The explanatory memo borrows two explanatory examples from Columbia, without attribution. It does cite OHRP's 22 September 2003 letter to the Oral History Association and American Historical Association, in which Dr. Michael Carome promised that "most oral history interviewing projects . . . can be excluded from institutional review board (IRB) oversight because they do not involve research as defined by the HHS regulations."

So far so good. But less than four months later, the University of Illinois at Chicago (UIC) released a policy statement, "IRB Review of Oral History and Other Social Science Projects" and an accompanying Tip Sheet: IRB Review of Oral History and Other Social Science Projects." This policy demands that "investigators wishing to perform oral histories or other social science projects must complete and submit the Determination of Whether an Activity Represents Human Subjects Research form to the [Office for the Protection of Research Subjects]."

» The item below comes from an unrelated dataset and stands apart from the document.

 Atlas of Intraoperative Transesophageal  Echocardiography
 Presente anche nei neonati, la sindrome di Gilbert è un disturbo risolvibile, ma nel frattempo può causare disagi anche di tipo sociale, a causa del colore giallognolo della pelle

UIC claims that "increasingly . . . the application of qualitative research methodologies may render studies that typically would not have required IRB review and approval to be submitted for IRB review or, at least, to require a determination from the IRB as to whether the study is subject to human subjects protection regulations." If anyone at UIC can show me that this statement is based on a study of trends in historical scholarship (rather than being made up to justify the policy), I will send a small box of good chocolates.

Follow a few links, and you can find the real basis for the UIC policy: Dr. Carome's December 2003 e-mail to Lori Bross of Northern Illinois University, in which he backed way from his September 2003 promise to the historians and embraced a set of nonsensical examples first proposed by the UCLA Office for Protection of Research Subjects.

In short, OHRP's perfidy of 2003 still echoes across the country. Depending on whether you believe Michael Carome's statements of September 2003, October 2003, December 2003, or January 2004, you may come away with very different understandings of the federal government's policy toward oral history, and the leeway allowed to institutions.


Anonymous said...

This might be due, at least in part, to UIC's experience with having research on campus shut down because of IRB problems that occurred a few years ago.

Still, it is disappointing. :-(

Zachary M. Schrag said...

That sounds like a reasonable hypothesis. UCLA came close to a shutdown at some point in the 1990s, which may explain the hyper-compliant culture that led to the oral history nonsense.